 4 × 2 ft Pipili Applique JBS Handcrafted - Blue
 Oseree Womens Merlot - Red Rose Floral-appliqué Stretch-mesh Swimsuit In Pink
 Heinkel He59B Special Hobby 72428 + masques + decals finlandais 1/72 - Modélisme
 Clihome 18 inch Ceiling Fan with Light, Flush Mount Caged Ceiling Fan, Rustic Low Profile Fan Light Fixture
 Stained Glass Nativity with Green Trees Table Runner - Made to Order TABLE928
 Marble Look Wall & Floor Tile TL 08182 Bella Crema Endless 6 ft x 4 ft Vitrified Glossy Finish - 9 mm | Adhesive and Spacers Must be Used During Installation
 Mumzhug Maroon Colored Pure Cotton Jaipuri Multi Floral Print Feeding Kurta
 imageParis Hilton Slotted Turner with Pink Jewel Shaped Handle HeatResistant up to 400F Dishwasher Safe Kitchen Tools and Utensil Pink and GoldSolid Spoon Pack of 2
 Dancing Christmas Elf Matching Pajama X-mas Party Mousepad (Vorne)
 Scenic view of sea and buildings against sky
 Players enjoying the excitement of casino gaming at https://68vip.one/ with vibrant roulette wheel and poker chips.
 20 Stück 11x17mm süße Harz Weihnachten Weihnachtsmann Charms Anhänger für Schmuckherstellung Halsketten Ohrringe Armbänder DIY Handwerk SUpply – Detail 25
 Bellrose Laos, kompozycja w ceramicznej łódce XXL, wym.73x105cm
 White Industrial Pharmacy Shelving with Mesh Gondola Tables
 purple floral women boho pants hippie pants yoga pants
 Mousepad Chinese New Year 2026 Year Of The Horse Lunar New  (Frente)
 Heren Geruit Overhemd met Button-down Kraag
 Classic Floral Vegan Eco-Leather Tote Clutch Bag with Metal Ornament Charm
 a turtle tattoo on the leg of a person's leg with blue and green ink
□ □ □ □ □ □ □
Problem statement: The lines above from the one with "Marble Look Wall" through the one with "Scenic view of sea and buildings against sky" are to be duplicated exactly, ends included, with nothing added.

Result for this exercise:
 Marble Look Wall & Floor Tile TL 08182 Bella Crema Endless 6 ft x 4 ft Vitrified Glossy Finish - 9 mm | Adhesive and Spacers Must be Used During Installation
 Mumzhug Maroon Colored Pure Cotton Jaipuri Multi Floral Print Feeding Kurta
 imageParis Hilton Slotted Turner with Pink Jewel Shaped Handle HeatResistant up to 400F Dishwasher Safe Kitchen Tools and Utensil Pink and GoldSolid Spoon Pack of 2
 Dancing Christmas Elf Matching Pajama X-mas Party Mousepad (Vorne)
 Scenic view of sea and buildings against sky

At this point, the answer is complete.